▸ **Required action**: Take the listing below and print exactly the lines starting at the line containing "ROGER D. PENG, PHD" and ending at the line containing "Atlas Lighting Greer", both ends included, and no others.

▸ **Data section**:
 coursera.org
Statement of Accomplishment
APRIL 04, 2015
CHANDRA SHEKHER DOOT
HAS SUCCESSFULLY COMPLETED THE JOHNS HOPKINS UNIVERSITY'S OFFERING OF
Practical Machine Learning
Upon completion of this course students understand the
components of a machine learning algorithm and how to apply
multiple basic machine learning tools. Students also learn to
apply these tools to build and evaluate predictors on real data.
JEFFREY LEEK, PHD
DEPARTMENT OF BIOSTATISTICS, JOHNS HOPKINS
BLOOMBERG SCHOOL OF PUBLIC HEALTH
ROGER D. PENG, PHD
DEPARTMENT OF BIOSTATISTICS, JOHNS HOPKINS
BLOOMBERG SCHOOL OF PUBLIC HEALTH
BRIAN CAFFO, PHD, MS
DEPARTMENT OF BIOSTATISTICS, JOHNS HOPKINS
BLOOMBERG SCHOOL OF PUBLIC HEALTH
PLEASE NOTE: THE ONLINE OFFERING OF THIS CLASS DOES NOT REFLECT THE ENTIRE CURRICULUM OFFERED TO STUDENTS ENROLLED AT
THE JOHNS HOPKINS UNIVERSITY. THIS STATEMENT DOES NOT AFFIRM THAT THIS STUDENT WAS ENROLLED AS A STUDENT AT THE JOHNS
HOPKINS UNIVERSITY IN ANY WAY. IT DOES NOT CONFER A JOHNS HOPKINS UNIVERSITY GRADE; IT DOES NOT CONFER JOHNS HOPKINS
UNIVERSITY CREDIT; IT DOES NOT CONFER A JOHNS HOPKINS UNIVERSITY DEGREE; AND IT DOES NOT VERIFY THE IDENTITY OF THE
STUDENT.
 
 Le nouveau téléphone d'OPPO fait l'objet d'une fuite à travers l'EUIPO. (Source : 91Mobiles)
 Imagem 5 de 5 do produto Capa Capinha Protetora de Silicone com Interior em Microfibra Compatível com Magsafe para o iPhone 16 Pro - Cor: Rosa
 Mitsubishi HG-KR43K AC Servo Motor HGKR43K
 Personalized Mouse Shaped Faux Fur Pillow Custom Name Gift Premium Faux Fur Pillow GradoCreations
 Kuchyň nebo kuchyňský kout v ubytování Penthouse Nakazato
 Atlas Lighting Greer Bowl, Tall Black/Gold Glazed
--
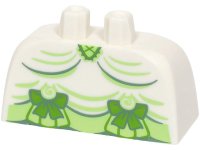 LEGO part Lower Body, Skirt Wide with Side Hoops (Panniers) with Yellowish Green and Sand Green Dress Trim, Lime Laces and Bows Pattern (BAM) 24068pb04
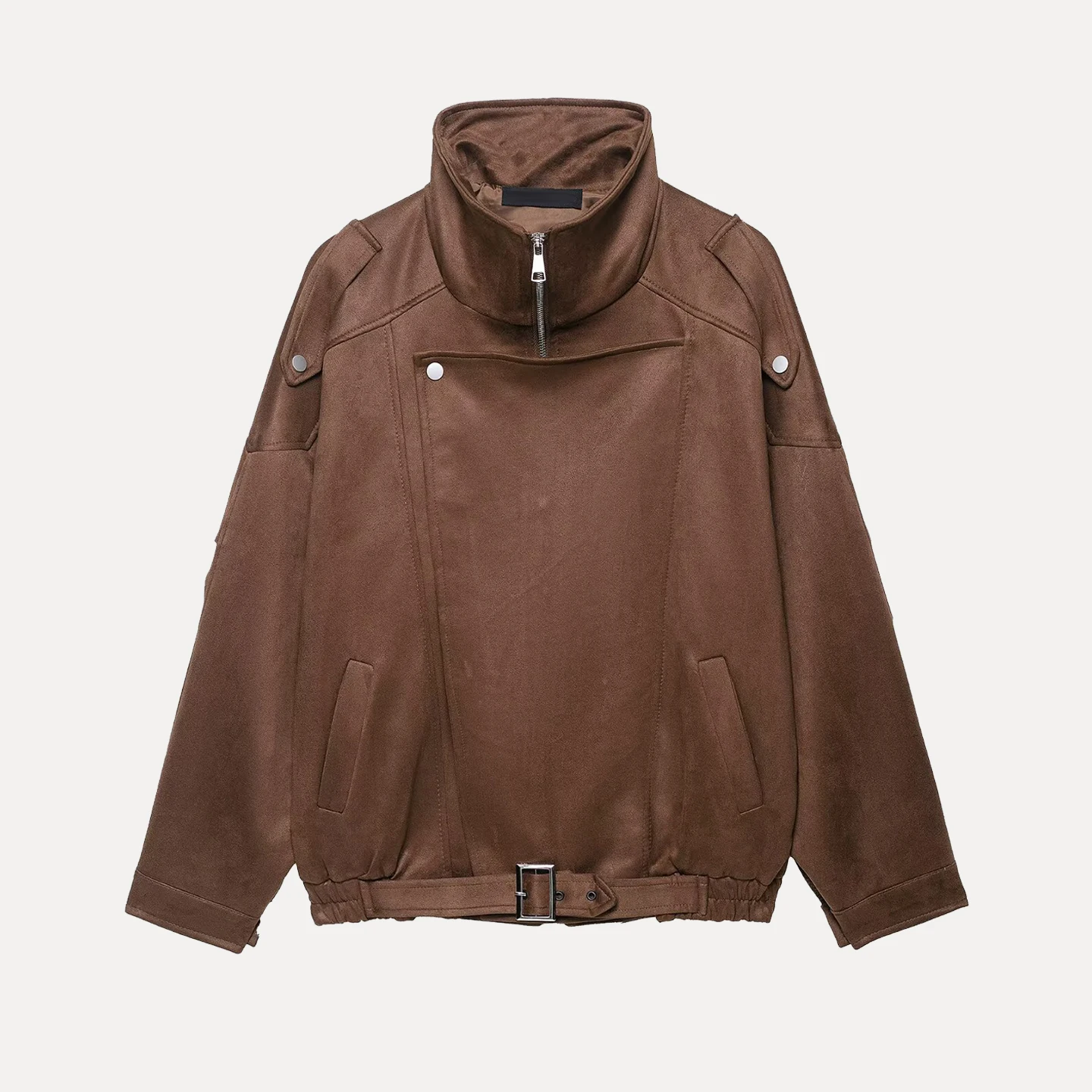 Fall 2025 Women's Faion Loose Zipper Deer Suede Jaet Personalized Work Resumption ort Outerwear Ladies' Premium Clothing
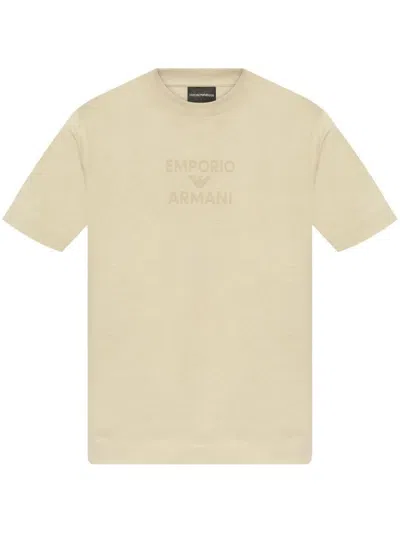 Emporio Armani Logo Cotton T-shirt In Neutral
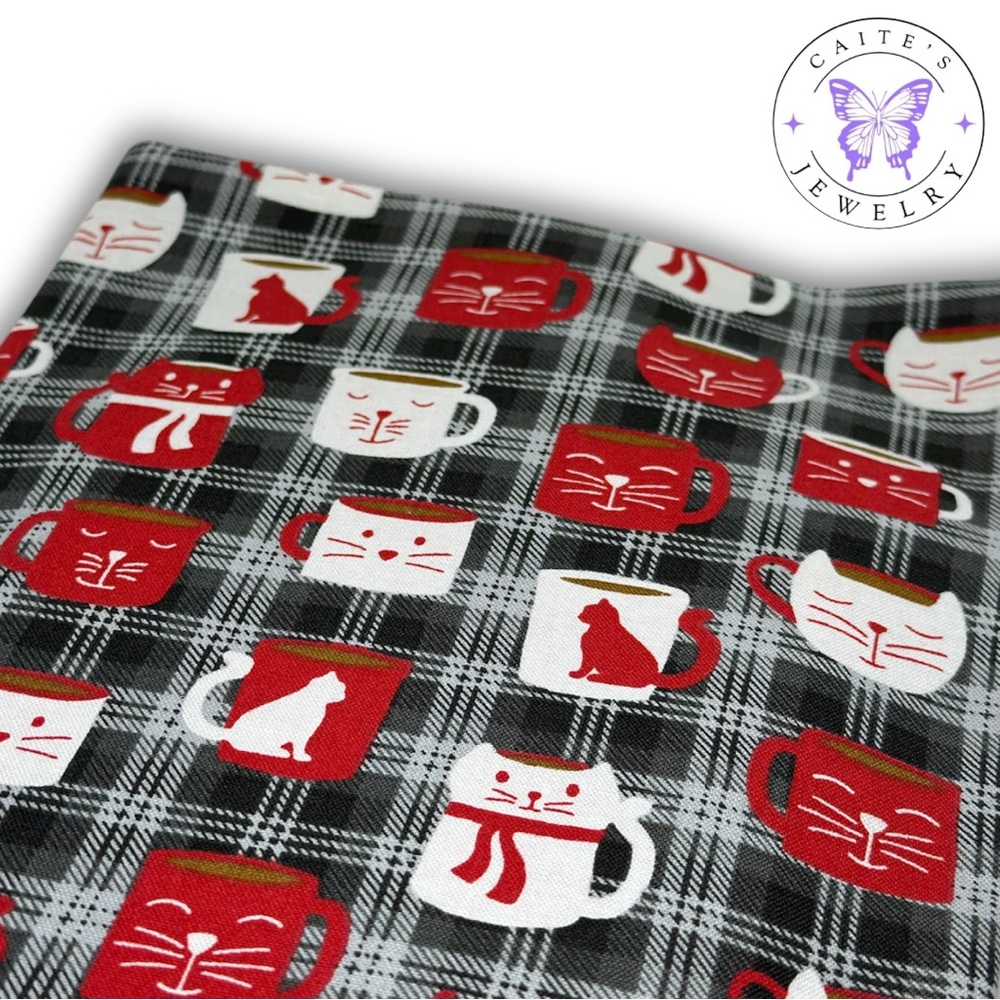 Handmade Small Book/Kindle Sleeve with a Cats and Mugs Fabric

▸ **Task answer**:
ROGER D. PENG, PHD
DEPARTMENT OF BIOSTATISTICS, JOHNS HOPKINS
BLOOMBERG SCHOOL OF PUBLIC HEALTH
BRIAN CAFFO, PHD, MS
DEPARTMENT OF BIOSTATISTICS, JOHNS HOPKINS
BLOOMBERG SCHOOL OF PUBLIC HEALTH
PLEASE NOTE: THE ONLINE OFFERING OF THIS CLASS DOES NOT REFLECT THE ENTIRE CURRICULUM OFFERED TO STUDENTS ENROLLED AT
THE JOHNS HOPKINS UNIVERSITY. THIS STATEMENT DOES NOT AFFIRM THAT THIS STUDENT WAS ENROLLED AS A STUDENT AT THE JOHNS
HOPKINS UNIVERSITY IN ANY WAY. IT DOES NOT CONFER A JOHNS HOPKINS UNIVERSITY GRADE; IT DOES NOT CONFER JOHNS HOPKINS
UNIVERSITY CREDIT; IT DOES NOT CONFER A JOHNS HOPKINS UNIVERSITY DEGREE; AND IT DOES NOT VERIFY THE IDENTITY OF THE
STUDENT.
 
 Le nouveau téléphone d'OPPO fait l'objet d'une fuite à travers l'EUIPO. (Source : 91Mobiles)
 Imagem 5 de 5 do produto Capa Capinha Protetora de Silicone com Interior em Microfibra Compatível com Magsafe para o iPhone 16 Pro - Cor: Rosa
 Mitsubishi HG-KR43K AC Servo Motor HGKR43K
 Personalized Mouse Shaped Faux Fur Pillow Custom Name Gift Premium Faux Fur Pillow GradoCreations
 Kuchyň nebo kuchyňský kout v ubytování Penthouse Nakazato
 Atlas Lighting Greer Bowl, Tall Black/Gold Glazed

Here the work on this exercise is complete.